Quantum Capacity Approaching Codes for the Detected-Jump Channel

TL;DR

This paper presents a coding scheme for the detected-jump quantum channel, a degradable channel modeling atomic decay, that approaches its quantum capacity by simulating a classical channel with erasures and bit-flips.

Contribution

It introduces a method to construct quantum codes for the detected-jump channel using classical codes, nearly reaching the channel's quantum capacity.

Findings

The classical capacity of the simulated channel provides a tight lower bound on the quantum capacity.

For small jump probabilities, the classical capacity approaches the quantum capacity.

The proposed coding scheme effectively approaches the quantum capacity of the detected-jump channel.

Abstract

The quantum channel capacity gives the ultimate limit for the rate at which quantum data can be reliably transmitted through a noisy quantum channel. Degradable quantum channels are among the few channels whose quantum capacities are known.
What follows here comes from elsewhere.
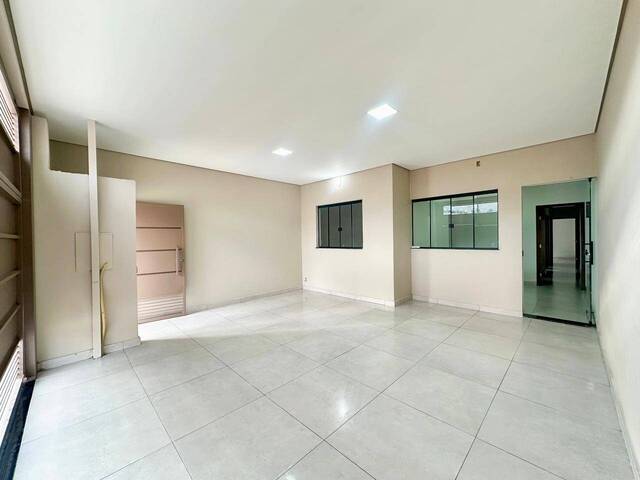 #2088 - Casa para Venda em Santo Antônio do Monte - MG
Given the quantum capacity of a degradable channel, it remains challenging to find a practical coding scheme which approaches capacity. Here we discuss code designs for the detected-jump channel, a degradable channel with practical relevance describing the physics of spontaneous decay of atoms with detected photon emission. We show that this channel can be used to simulate a binary classical channel with both erasures and bit-flips. The capacity of the simulated classical channel gives a lower bound on the quantum capacity of the detected-jump channel. When the jump probability is small, it almost equals the quantum capacity. Hence using a classical capacity approaching code for the simulated classical channel yields a quantum code which approaches the quantum capacity of the detected-jump channel.